Thursday, June 19, 2014

TIBETAN BUDDHIST CORNER: Prof. Robert Thurman on Loving Your Enemy...

(Note: This is deep, a few re-reads (for me : ) & a gentle healing after...when you're ready. Eternal Truths are just that way... Namaste'- Ndr)

We are addicted to pleasure, and we thirst for it, while being in denial that we constantly feel dissatisfied with what we get.

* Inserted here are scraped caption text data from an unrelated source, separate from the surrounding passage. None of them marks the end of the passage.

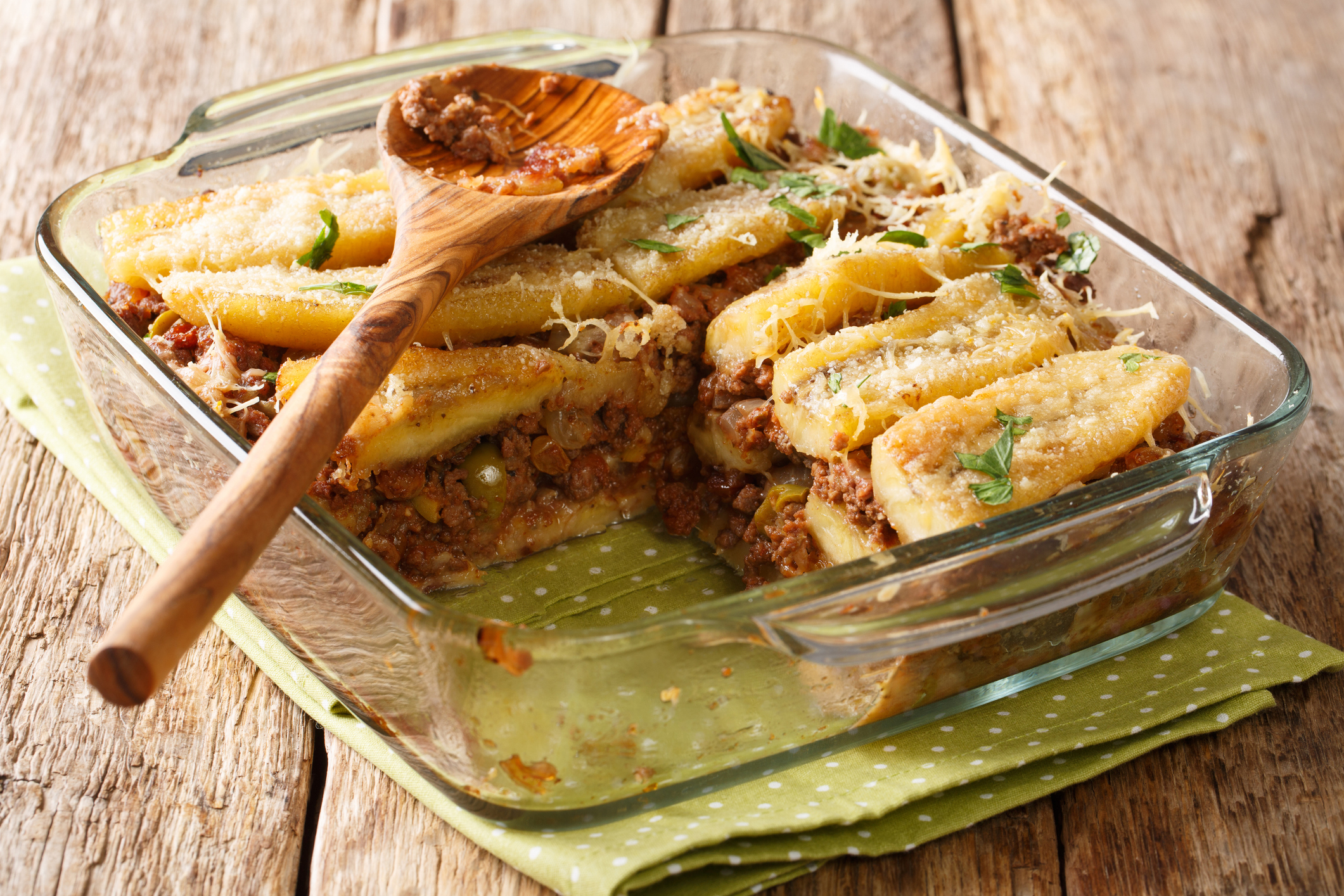 Cutting out a piece of lasagna Puerto Rican pastelon close up in baking dish. horizontal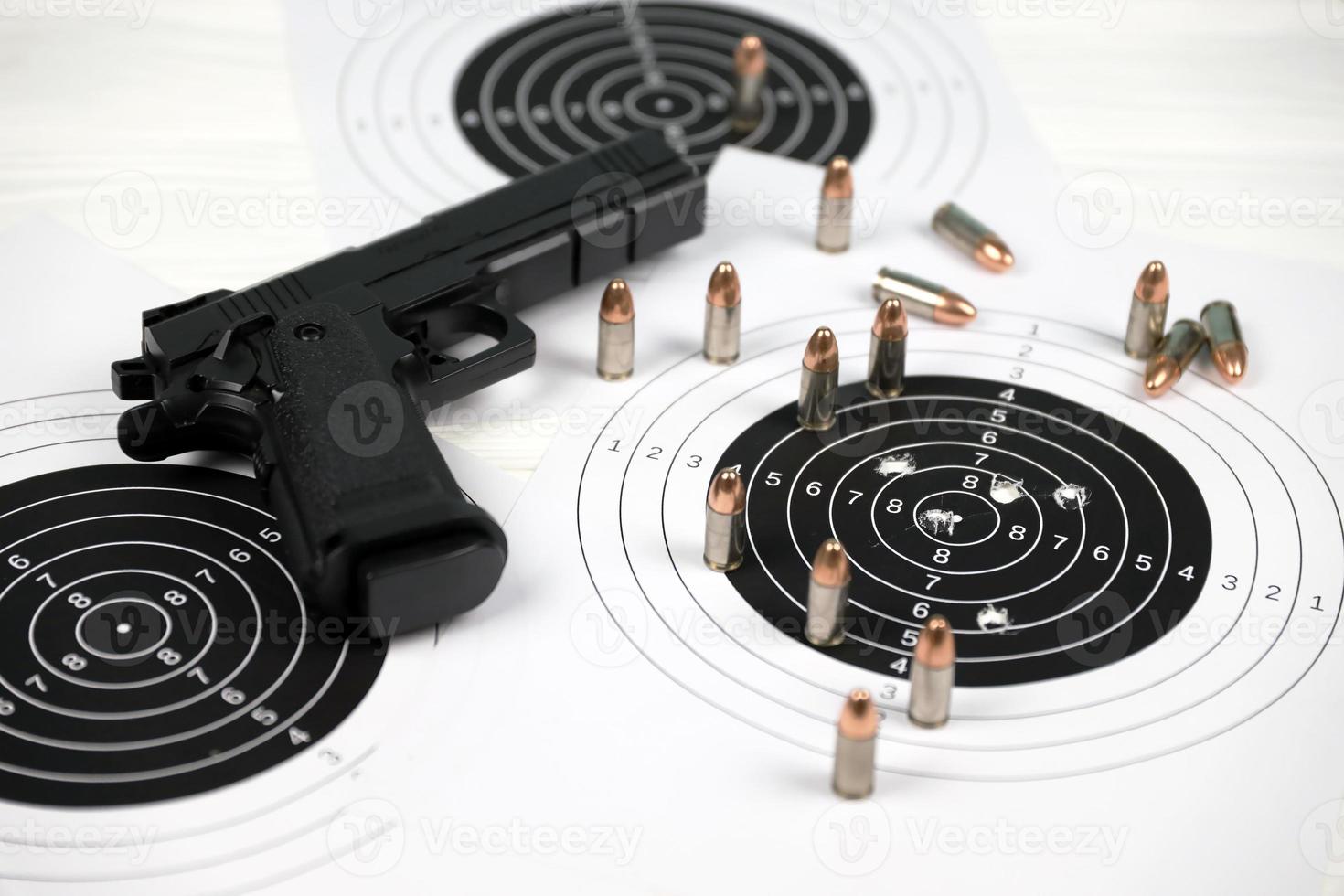Gun and many bullets shooting targets on white table in shooting range polygon. Training for aiming and shooting photo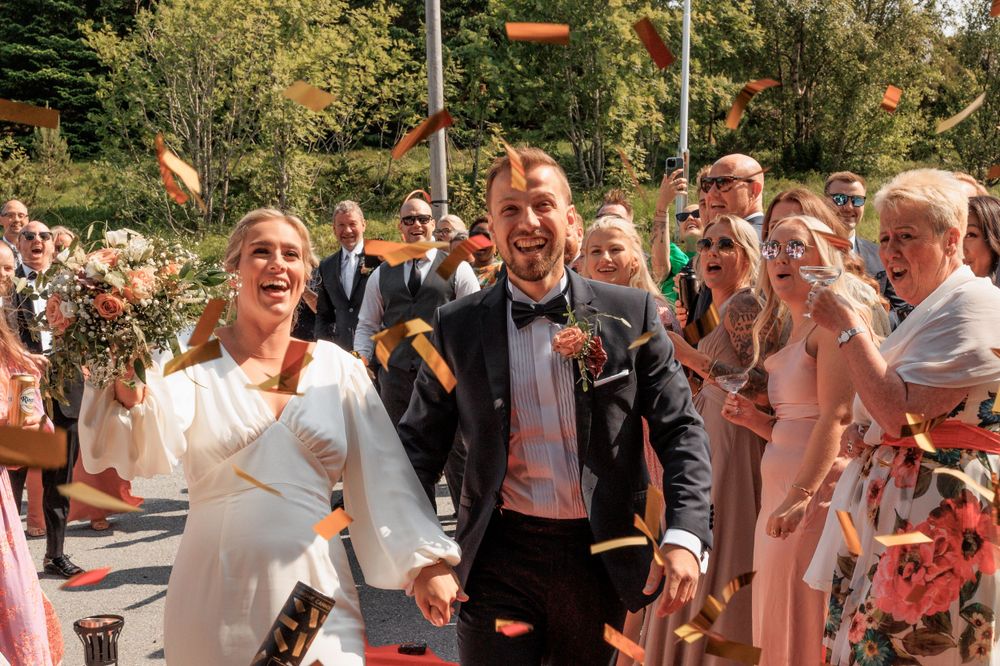 Celebration with confetti as couple walks down outdoor red carpet aisle.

We are addicted to anger as a means of removing obstacles to our desires, and in following the dictates of our anger, we are driven to self-destruction.

We can now take responsibility for the enemies who torment us, since hurting us is their involuntary reaction to their fear that we will harm them or their subliminal memory of our having hurt them in the evolutionary past.

So not only should we not be angry with them, but we should feel remorse that we affected them so negatively in the past and caused them to live in such pain.

Here we begin to enter the realm of patience as active forgiveness.

Joyfully, ecstatically, we celebrate our initial freedom from fear of suffering by going beyond patience as tolerant endurance and patience as insightful forbearance, to experience patience as nonretaliation and forgiveness.

Such active forgiveness opens the golden door of the exalting temple of universal compassion, which is the amazing realm of realistic happiness and natural bliss.

So our enemies provide us with irritation, injury, and harm, which are the occasions for us to practice endurance, forbearance, and forgiveness.

The worse they treat us, the more we benefit.